Target will begin selling Amazon's Kindle electronic book
reader next Sunday at stores across the U.S. after it was test-marketed
in selected stores in Minnesota and Florida during April. AFP reported that "Target is the first
brick-and-mortar retailer to carry the Kindle, which Amazon has
previously sold only through its website."
"Response to Kindle
has been overwhelmingly positive," Target senior v-p Mark Schindele
observed.
---
The Independent Online Booksellers Association is protesting Amazon's "price parity policy" that requires booksellers on its site not to sell books for less elsewhere, the Bookseller reported.
In letters to government authorities in the U.K., France, Germany and the EU, the association, which represents 250 online book retailers, called the policy an "anti‐competitive measure by the dominant online marketplace for new and used books designed to undermine smaller competitor websites and even independent booksellers’ own websites." The association pointed out that costs for booksellers who sell on Amazon are higher than costs when selling from their own sites or others' sites.
---
In a front-page article today, the Wall Street Journal examined digital self-publishing, calling it "a technological disruption that's loosening traditional publishers' grip on the book market--and giving new power to technology companies like Amazon to shape which books and authors succeed."

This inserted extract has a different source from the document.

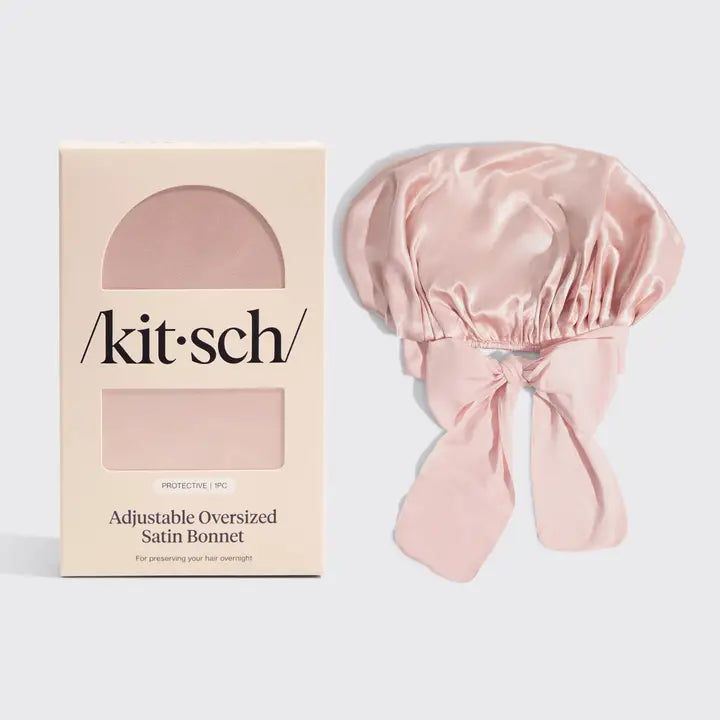Kitsch Adjustable Oversized Satin Bonnet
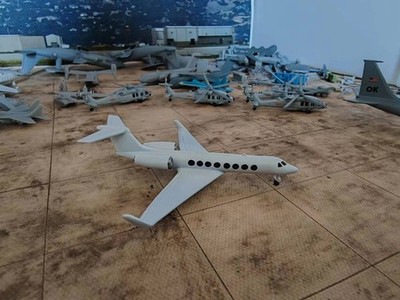 3D printed 1/400/700 model of the American Gulfstream G650 business jet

The growth and low prices of many e-books as well as 70% royalty rates on many self-published authors' books on the Kindle and iPad are key parts of this development.
"It's a threat to publishers' control over authors," Richard Nash, formerly of Soft Skull Press and now head of Cursor Inc., told the paper. "It shows best-selling authors that there are alternatives--they can hire their own publicist, their own online marketing specialist, a freelance editor, and a distribution service."
---
No. 1 list of the day: the New Yorker's "20 Under 40" list, comprised of 20 writers under age 40 "worth watching," consist of "10 women and 10 men, satirists and modernists, from Miami and Ethiopia and Peru and Chicago," the New York Times wrote.
New Yorker editor David Remnick told the Times: "If they had too much in common, it would be really boring. This is not an aesthetic grouping. The group is a group of promise, enormous promise. There are people in there that are very conventional in their narrative approach, and there are people who have a big emphasis on voice. There are people who are in some way bringing you the news from another culture."
The list will appear in Monday's issue.
---
Jonathan Karp (l.), head of Hachette's Twelve imprint, will replace David Rosenthal as publisher of Simon & Schuster, according to multiple stories--and word from S&S authors.
Rosenthal has been with S&S for more than a decade.
---
During the past year, the story of Linden Tree
Children's Recordings & Books, Los Altos, Calif., which had a
"cliff-hanging, final chapter under owners Dennis and Linda Ronberg,
ends on a happy note," according to the Town Crier, which reported: "In a tanking
economy, the Ronbergs' July 2009 announcement that their bookstore at
170 State St. was for sale prompted no prince to step forward to save
it. By year's end, the Ronbergs had all but given up hope the store's
legacy would continue."
The happy ending occurred when longtime
customers Dianne Edmonds and Jill Curcio entered the tale. "For me, it
was when I saw the story in the Town Crier," Edmonds said. "At
that point, it was, 'How sad.' I thought, if someone is going to carry
this on, they have to know what to do from a business side."
Edmonds,
who has a background in corporate finance and inventory management,
teamed up Curcio, who had established the library at her
children's school and worked several years researching and purchasing
books.
"I would never have considered it to do on my own,"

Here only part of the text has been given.